=== INFORMATION SUPPLIED ===

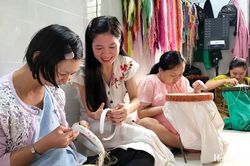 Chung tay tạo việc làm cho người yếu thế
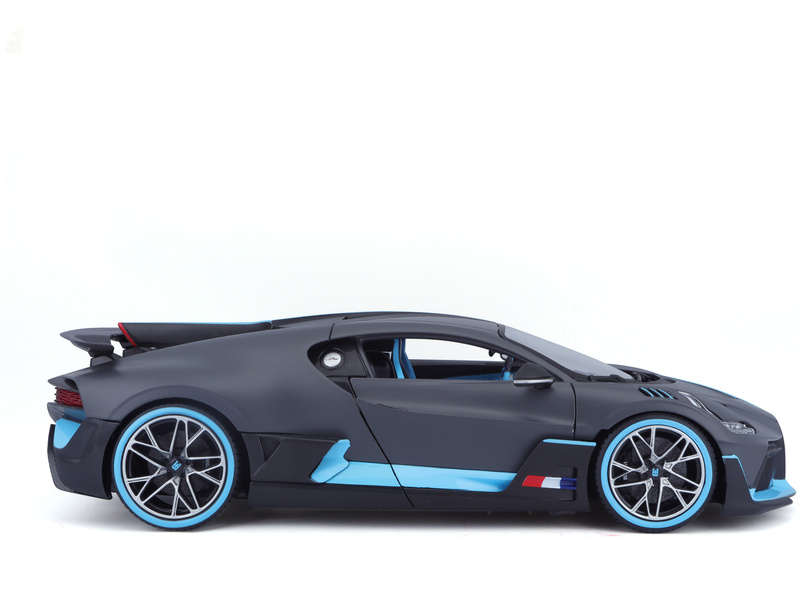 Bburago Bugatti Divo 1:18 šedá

===
=== INFORMATION SUPPLIED ===

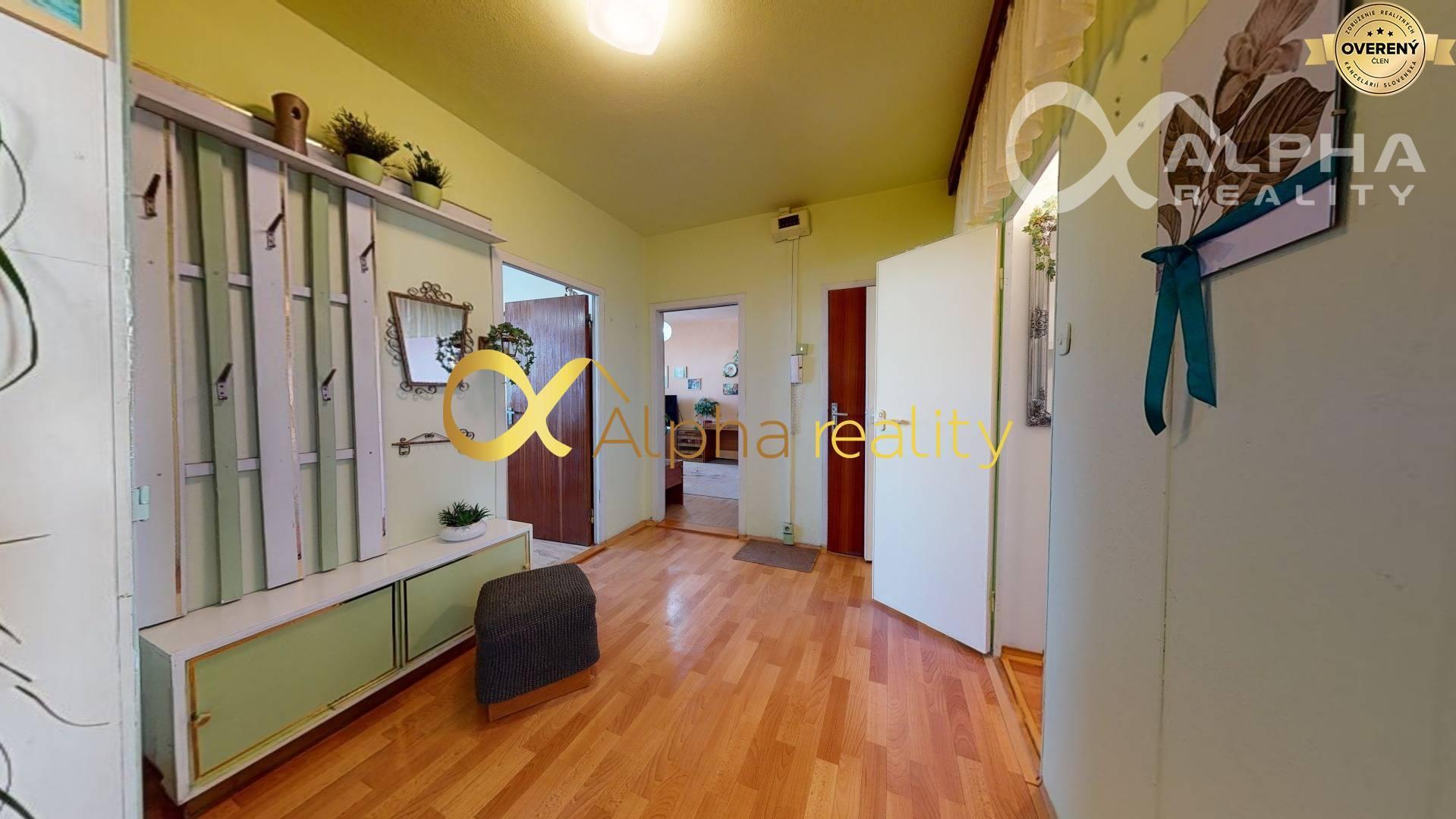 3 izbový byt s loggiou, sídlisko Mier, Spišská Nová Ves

===

**YOUR ASSIGNMENT:** Look above for the line with "Chung tay tạo việc làm cho người yếu thế" and the line with "Bburago Bugatti Divo 1:18 šedá". Output those two and everything between them exactly, pictures excluded.

**YOUR SOLUTION:**
 Chung tay tạo việc làm cho người yếu thế
 Bburago Bugatti Divo 1:18 šedá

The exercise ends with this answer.